S appealed to the Upper Tribunal. The UT found that regulation 4(1) applied to children as well as to adults. It went on to agree with the approach of Lloyd Jones J in Governing Body of X Endowed Primary School v SENDIST  EWHC 1842 (Admin) (and of the EAT in Edmund Nuttall Ltd v Butterfield  ICR 77) that “having regard to the words of the statute, its scheme and its legislative purpose, the effect of the provisions read together is that the protection of the legislation is not intended to extend to the excluded conditions, whether or not they are manifestations of an underlying protected impairment.” It follows that a school will not breach section 15 of the Equality Act 2010 if they treat a child less favourably because of the child’s tendency to physical abuse of others, even if that tendency arises as a result of a disability (such as, in this case, an autistic spectrum disorder).

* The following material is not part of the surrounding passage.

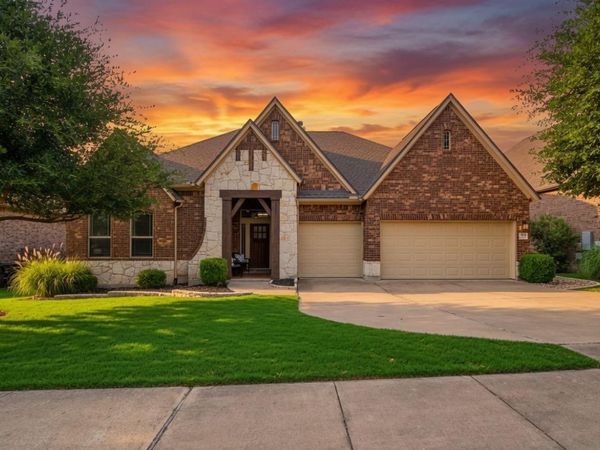 364 Sand Hills LN , Austin, TX 78737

Note that the guidance at [114-121] on what a “tendency to physical abuse” means suggests a higher threshold than merely physical violence. This is worth reading in full, but the UT found that there must always be an element of violent conduct (but that this alone is not sufficient), there is no requirement for knowledge on the part of the perpetrator that what they are doing is wrong, the existence of some sort of misuse of power or coercion makes it more likely that the test is met, the stage of a child’s development is relevant, and it is not necessary for the tendency to physical abuse to manifest itself regularly or frequently. The UT’s concluding summary was that “a tribunal must approach its consideration of whether a person has “a tendency to physical … abuse of other persons” by reaching conclusions on the evidence, and then explaining why the undisputed facts and those it has found lead to its conclusion, having taken into account all the circumstances of the case including, where relevant, the matters set out above. In so ruling we are conscious that what may be a challenging task for a First-tier Tribunal of determining whether regulation 4(1)(c) is met may be yet harder for those in a busy school. However, that, in our judgment, flows from the legislative choice of a more complex concept such as “physical abuse” rather than, for instance, “violence” or “assault.””
Applying its conclusions on the law to the facts of S’s case, the UT found that the First-tier Tribunal had erred in law in failing to make sufficiently specific findings of fact about any tendency to physical abuse. The UT concluded that S’s behaviour manifested a condition of a tendency to physical abuse of other persons. Therefore S’s appeal did not succeed.